Au-delà de tout ça, non, c’est encore plus une bonne idée que cette lettre à l’ectoplasme, que le récit ainsi offert, précis et sans ambages inutiles, ait éveillé dans ma mémoire des fièvres de colère que je croyais éteintes, devant, justement, tant d’infamies étalées sans vergogne. L’aventure de l’OTAN depuis 1989-1991 est une prodigieuse épopée en forme d’avalanche d’ordures comme dans les décharges, cascade de tromperies, de fausses promesses, de simulacres et de mensonges, d’alibis pour s’abaisser, de vilenies serviles pour toutes les saisons, bref de l’étalage d’un bombastique maquereautage (le mot existe, et il a son charme en plus d’être hyper-réaliste pour mon goût), – dans le décor d’un vieux port puant le trafic, qui sent le graillon et le mazout, et la combine à deux balles. Là-dessus prolifèrent l’UE, l’occupant-ricain, les gargouillis des droits de l’homme, le marigot du déchaînement d’une maniaco-dépression au temps des EPAD. Comment pouvons-nous supporter cela sans nous boucher le nez et nous laver les paluches, gestes-barrières et érotisme sanitaire ? L’OTAN est notre nef des fous qui tourne en rond, en faisant des ronds-carrés dans l’eau.

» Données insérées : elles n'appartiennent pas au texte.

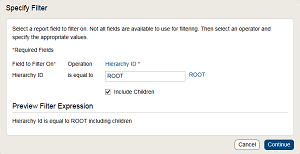 Specify Filter window showing a hierarchy filter example for the Root node including children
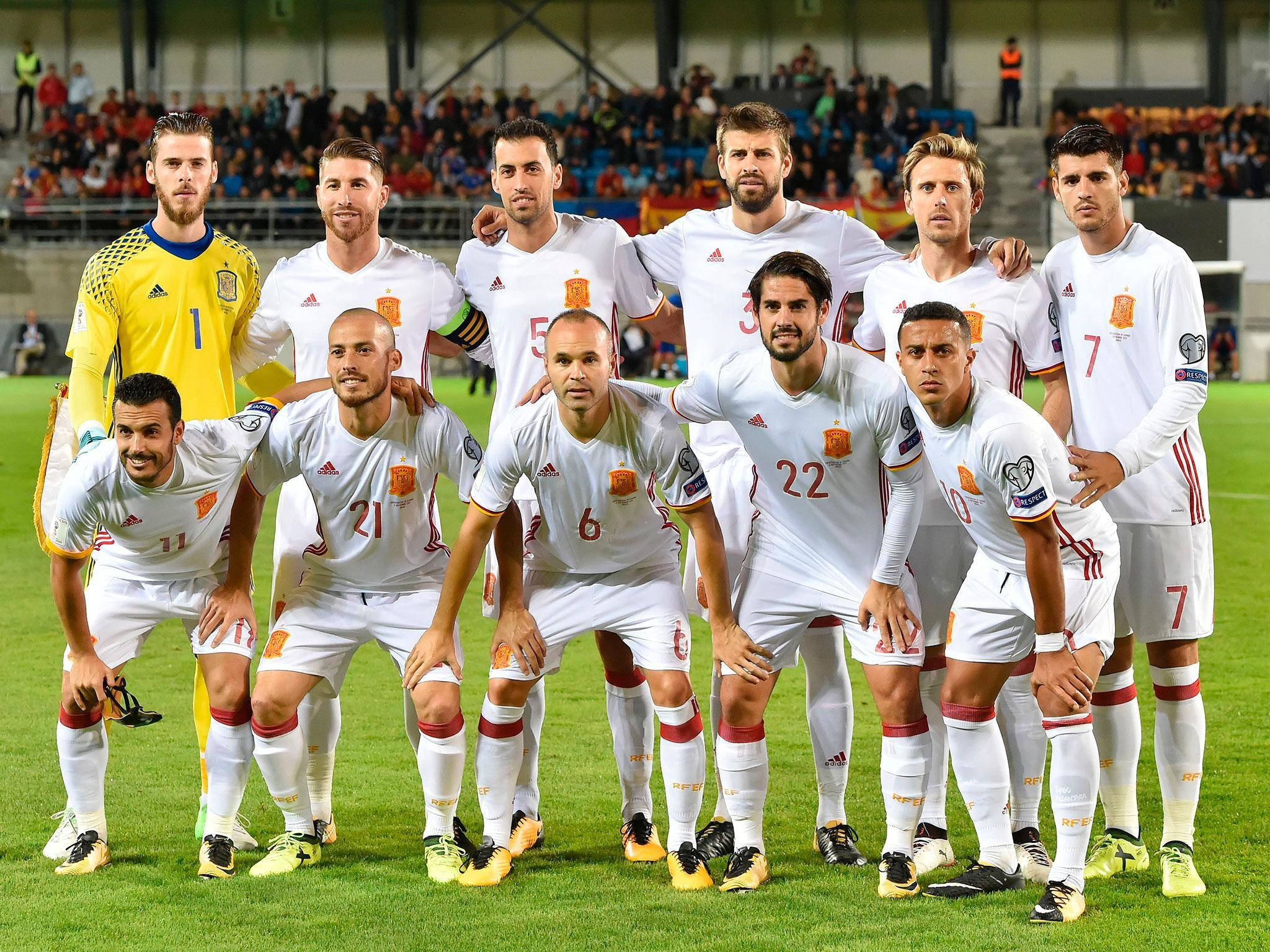 Spain National Football Team, 2018 World Cup, white kits, Full HD Desktop Wallpaper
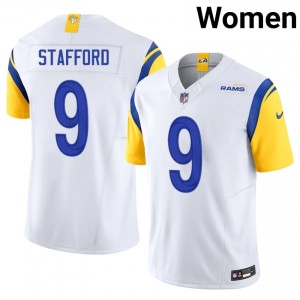 #9 Matthew Stafford Rams Women Genuine Football Stitched Jersey - White Edition 81680898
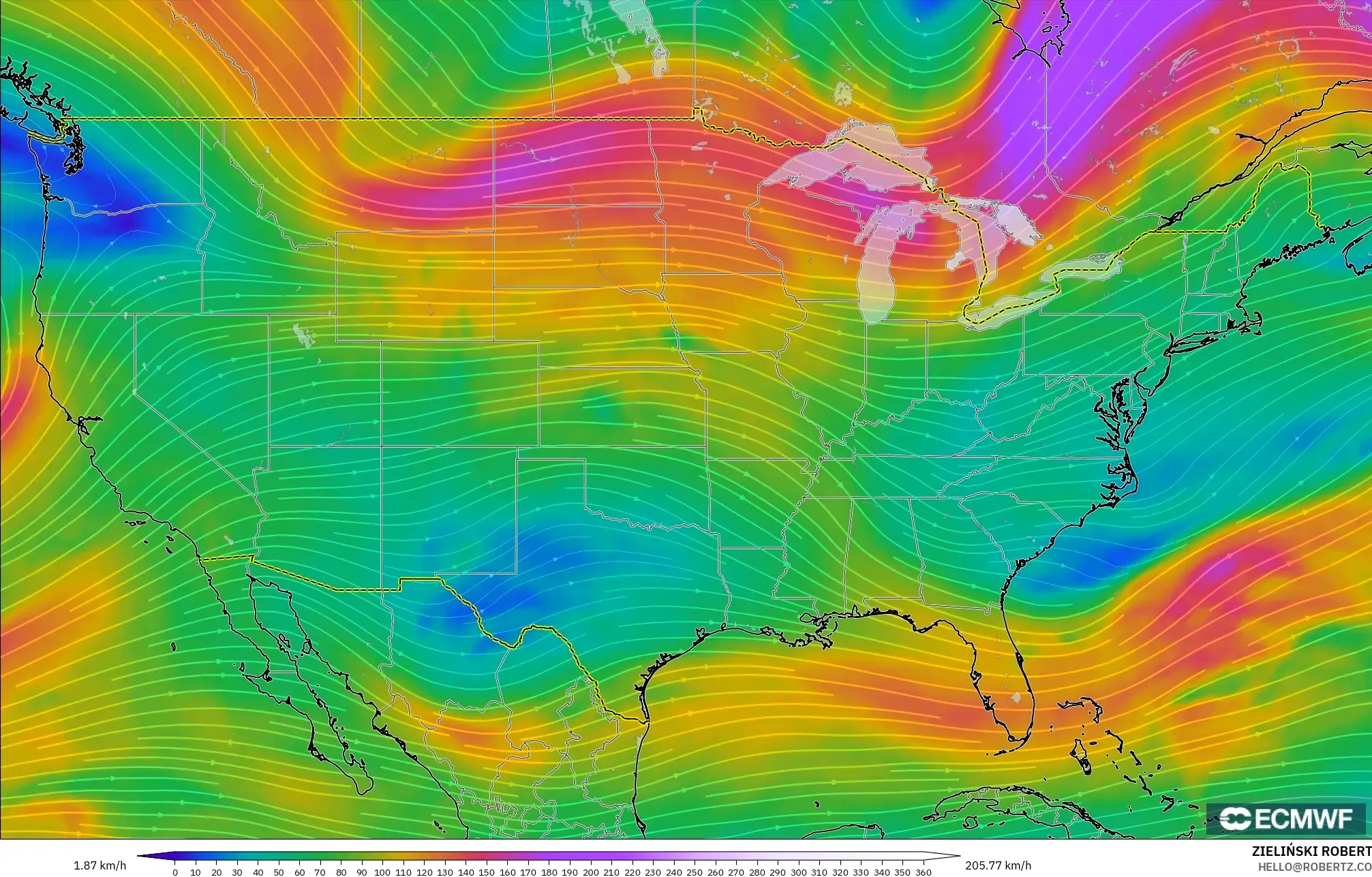 ECMWF IFS 0.25° model - Amerika Syarikat, Angin 300 hPa (aliran jet)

Je vous dirais que j’ai connu l’OTAN du temps de sa splendeur presque légitime, lorsqu’elle avait une raison d’être à peu près acceptable. J’ai même connu un SecGen farceur et amusant, du temps où les Hollandais ne se prenaient pas trop au sérieux : le considérable Joseph Luns (SecGen recordman de durée, de 1971 à 1984, et encore né Joseph Marie Antoine Hubert Luns, ce qui est à mourir de rire) ; Luns, avec son gabarit de troisième ligne centre qui tient la boutique et toujours prompt à faire le ménage à la manière Springbok.

(Le n°8, l’homme qui tient la mêlée, comme Crauste en 1959-60 dans l’équipe de France et en face, chez les Springboks héritiers des Boers eux aussi de pure et dure racine hollandaise, un n°8 de légende, – je me souviens bien mal de son nom [peut-être Hopwood ? Je ne sais plus] et par contre tout à fait de son fabuleux surnom dont vous imaginez l’usage : “l’essuie-glace humain”.)

Luns était un rigolard, il racontait des blagues aux journalistes, il tapait dans le dos des ministres, il parlait d’une voix terrible de “la Menace” (le Groupe des Forces Soviétiques en Allemagne, prêt à bondir dans la trouée de Fulda) ; puis là-dessus, vous envoyant un clin d’œil rigolard qui en disait des tonnes. Lors d’une interview dans les formes, en 1979-1980 je crois, on avait parlé de la panique-OTAN en cours à propos d’un monstre-sous-marin soviétique, le Typhoon qui déplaçait autour de 15 000 tonnes ; à ma question, il avait répondu quelque chose comme “Oh, vous savez, on s’affole vite, les Soviétiques ils font de très grosses choses mais c’est pas sûr que ça serve à grand’chose, ni que ça marche bien” ; il détonnait par rapport au discours politiquement-correct. A cette époque, l’OTAN avait de l’allure et Kissinger, en arrivant au Conseil, retrouvait son pote Michel Jobert à qui il racontait des blagues gaillardes avant de l’affronter avec un cynisme incroyable en séance.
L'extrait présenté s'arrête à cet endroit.